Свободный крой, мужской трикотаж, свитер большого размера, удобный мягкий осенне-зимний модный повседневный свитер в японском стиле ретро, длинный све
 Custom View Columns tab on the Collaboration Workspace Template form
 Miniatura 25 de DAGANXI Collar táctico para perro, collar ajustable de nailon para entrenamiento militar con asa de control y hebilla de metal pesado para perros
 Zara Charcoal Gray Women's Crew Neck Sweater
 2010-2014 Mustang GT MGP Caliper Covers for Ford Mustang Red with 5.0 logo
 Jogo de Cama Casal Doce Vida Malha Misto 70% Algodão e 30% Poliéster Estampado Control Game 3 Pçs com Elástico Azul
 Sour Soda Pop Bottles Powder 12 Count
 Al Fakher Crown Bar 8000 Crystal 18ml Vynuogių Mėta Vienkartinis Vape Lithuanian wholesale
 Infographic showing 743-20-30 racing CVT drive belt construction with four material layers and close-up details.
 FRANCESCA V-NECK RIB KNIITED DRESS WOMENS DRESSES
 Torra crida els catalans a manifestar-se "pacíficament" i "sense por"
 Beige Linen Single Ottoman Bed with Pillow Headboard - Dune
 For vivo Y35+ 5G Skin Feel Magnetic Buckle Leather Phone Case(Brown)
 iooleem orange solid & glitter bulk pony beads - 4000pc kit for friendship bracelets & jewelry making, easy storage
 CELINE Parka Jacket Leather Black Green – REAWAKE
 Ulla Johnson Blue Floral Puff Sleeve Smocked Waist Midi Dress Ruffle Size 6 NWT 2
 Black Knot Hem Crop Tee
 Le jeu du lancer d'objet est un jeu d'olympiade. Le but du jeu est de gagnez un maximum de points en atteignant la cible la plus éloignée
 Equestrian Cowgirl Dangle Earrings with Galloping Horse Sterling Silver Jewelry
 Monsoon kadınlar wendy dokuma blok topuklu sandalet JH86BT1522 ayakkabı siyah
__________
- [WHAT YOU SHOULD DO] Among the lines in the material above, some may hold "Black". State how many do, and add nothing.

- [RESPONSE TO THIS EXERCISE] 2